Exercise directions.
From the listing below, retype exactly the line holding "Primo piano ritratto", the line holding "Frische Bio-Himbeeren — Stockfoto", and the lines between them; skip everything else.

[Start of Attachment]

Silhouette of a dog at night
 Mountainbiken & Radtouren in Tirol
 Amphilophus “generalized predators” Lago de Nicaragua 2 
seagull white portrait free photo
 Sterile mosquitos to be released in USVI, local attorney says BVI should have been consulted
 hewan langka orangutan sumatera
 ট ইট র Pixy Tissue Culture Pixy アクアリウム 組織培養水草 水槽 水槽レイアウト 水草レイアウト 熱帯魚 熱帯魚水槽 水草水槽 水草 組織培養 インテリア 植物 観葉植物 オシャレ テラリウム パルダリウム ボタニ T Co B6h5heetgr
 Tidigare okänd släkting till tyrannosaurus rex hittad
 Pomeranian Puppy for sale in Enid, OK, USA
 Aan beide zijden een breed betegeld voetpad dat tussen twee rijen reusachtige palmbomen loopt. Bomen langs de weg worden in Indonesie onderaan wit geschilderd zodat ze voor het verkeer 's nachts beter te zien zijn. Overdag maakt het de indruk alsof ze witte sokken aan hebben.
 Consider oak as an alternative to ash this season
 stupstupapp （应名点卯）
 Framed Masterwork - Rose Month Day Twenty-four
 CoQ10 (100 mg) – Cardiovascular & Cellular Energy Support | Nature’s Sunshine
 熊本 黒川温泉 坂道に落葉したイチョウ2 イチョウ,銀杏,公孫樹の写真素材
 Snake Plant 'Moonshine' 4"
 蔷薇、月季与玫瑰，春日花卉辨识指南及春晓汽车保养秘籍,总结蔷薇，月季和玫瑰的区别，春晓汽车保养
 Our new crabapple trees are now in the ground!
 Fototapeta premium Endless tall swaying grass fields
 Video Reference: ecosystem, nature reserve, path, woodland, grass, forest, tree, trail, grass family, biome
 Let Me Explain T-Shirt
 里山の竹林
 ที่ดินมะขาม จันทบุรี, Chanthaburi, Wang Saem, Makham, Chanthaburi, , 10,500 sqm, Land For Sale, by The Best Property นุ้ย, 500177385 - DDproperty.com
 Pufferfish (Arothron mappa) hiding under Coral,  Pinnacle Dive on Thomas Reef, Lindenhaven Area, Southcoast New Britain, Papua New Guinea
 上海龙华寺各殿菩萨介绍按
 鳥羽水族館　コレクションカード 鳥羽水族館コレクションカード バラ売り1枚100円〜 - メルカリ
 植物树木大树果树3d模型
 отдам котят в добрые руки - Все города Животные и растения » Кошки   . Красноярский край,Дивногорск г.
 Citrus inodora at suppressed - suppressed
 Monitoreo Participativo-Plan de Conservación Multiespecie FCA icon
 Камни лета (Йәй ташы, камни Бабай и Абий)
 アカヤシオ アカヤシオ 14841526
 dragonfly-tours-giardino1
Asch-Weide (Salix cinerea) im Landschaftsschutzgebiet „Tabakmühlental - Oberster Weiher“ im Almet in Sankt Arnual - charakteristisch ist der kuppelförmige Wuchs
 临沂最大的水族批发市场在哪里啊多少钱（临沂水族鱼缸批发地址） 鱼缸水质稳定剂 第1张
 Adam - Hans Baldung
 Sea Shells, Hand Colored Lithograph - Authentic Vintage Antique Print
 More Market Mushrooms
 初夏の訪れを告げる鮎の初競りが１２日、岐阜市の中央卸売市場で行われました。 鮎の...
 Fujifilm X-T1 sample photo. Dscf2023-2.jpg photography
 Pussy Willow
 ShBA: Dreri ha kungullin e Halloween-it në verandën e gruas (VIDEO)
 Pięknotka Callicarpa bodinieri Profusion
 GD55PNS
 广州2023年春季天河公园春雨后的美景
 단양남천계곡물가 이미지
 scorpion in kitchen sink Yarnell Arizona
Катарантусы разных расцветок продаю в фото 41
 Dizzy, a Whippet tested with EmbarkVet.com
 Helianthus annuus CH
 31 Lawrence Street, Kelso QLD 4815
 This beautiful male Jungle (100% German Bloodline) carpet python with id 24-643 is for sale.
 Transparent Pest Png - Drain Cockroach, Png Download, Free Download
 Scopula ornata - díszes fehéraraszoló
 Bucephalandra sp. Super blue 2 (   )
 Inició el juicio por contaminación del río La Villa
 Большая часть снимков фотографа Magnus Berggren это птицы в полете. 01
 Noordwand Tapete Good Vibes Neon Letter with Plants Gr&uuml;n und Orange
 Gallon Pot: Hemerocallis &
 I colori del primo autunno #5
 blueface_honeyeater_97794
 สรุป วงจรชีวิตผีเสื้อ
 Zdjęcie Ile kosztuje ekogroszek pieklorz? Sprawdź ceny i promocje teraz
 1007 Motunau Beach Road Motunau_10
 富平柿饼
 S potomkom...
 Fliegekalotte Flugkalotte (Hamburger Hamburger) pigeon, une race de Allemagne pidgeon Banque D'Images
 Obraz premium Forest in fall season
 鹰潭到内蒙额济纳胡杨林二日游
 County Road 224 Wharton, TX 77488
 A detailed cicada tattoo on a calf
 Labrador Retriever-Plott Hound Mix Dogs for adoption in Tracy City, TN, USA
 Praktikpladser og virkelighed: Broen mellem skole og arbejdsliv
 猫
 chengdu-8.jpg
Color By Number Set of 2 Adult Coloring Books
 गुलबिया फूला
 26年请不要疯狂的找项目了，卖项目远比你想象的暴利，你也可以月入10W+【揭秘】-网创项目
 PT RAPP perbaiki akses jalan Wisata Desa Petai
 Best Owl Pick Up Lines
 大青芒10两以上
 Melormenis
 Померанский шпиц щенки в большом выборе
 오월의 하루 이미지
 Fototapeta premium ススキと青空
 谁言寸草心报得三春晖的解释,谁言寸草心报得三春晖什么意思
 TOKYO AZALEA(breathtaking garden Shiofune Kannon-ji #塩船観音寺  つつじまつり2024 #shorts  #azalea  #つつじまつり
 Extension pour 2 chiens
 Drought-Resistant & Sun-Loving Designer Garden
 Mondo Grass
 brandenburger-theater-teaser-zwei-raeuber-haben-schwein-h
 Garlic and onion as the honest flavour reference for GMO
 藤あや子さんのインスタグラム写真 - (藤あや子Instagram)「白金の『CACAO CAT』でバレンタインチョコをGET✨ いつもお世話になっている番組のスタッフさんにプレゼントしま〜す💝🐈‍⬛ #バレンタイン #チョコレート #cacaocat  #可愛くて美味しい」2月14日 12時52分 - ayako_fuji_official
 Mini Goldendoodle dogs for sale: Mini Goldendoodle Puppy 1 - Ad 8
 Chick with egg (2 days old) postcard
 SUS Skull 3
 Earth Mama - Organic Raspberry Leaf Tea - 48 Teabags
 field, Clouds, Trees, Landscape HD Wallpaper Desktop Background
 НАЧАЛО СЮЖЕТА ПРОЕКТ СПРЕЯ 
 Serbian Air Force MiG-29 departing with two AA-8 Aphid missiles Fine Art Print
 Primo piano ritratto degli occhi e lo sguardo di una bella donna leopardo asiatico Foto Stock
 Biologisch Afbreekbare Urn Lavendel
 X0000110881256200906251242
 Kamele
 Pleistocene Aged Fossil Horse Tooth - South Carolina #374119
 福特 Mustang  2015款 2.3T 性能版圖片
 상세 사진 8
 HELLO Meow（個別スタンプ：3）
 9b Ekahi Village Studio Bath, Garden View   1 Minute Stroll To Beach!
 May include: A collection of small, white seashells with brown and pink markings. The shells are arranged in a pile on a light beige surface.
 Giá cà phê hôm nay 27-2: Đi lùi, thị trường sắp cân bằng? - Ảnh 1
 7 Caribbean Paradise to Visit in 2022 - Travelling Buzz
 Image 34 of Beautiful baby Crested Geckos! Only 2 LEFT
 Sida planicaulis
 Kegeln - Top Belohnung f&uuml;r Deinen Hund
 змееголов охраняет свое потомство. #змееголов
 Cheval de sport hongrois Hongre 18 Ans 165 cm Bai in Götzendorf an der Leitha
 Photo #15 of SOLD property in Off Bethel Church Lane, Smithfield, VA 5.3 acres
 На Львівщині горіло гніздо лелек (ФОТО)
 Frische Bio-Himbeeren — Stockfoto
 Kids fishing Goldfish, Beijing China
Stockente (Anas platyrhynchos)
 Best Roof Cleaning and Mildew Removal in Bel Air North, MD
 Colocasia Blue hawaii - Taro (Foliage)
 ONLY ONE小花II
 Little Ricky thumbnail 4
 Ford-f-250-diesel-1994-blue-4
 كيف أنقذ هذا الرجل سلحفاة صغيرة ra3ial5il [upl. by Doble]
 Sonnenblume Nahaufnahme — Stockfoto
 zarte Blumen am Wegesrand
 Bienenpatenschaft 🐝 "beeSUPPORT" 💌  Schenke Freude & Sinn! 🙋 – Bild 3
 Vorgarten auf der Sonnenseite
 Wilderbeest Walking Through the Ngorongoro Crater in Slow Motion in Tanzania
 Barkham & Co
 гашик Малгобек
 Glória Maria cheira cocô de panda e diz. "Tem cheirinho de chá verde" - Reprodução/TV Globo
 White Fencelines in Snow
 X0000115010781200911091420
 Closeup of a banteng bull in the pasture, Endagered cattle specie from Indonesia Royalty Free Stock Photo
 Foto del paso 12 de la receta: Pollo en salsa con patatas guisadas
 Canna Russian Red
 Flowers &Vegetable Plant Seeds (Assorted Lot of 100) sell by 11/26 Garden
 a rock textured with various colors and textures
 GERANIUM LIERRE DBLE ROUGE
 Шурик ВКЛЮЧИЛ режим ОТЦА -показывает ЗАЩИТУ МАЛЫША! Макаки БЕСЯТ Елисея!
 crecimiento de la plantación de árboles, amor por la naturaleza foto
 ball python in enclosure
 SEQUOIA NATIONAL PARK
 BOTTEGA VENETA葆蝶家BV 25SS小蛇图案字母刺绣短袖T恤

[End of Attachment]

Your solution.
 Primo piano ritratto degli occhi e lo sguardo di una bella donna leopardo asiatico Foto Stock
 Biologisch Afbreekbare Urn Lavendel
 X0000110881256200906251242
 Kamele
 Pleistocene Aged Fossil Horse Tooth - South Carolina #374119
 福特 Mustang  2015款 2.3T 性能版圖片
 상세 사진 8
 HELLO Meow（個別スタンプ：3）
 9b Ekahi Village Studio Bath, Garden View   1 Minute Stroll To Beach!
 May include: A collection of small, white seashells with brown and pink markings. The shells are arranged in a pile on a light beige surface.
 Giá cà phê hôm nay 27-2: Đi lùi, thị trường sắp cân bằng? - Ảnh 1
 7 Caribbean Paradise to Visit in 2022 - Travelling Buzz
 Image 34 of Beautiful baby Crested Geckos! Only 2 LEFT
 Sida planicaulis
 Kegeln - Top Belohnung f&uuml;r Deinen Hund
 змееголов охраняет свое потомство. #змееголов
 Cheval de sport hongrois Hongre 18 Ans 165 cm Bai in Götzendorf an der Leitha
 Photo #15 of SOLD property in Off Bethel Church Lane, Smithfield, VA 5.3 acres
 На Львівщині горіло гніздо лелек (ФОТО)
 Frische Bio-Himbeeren — Stockfoto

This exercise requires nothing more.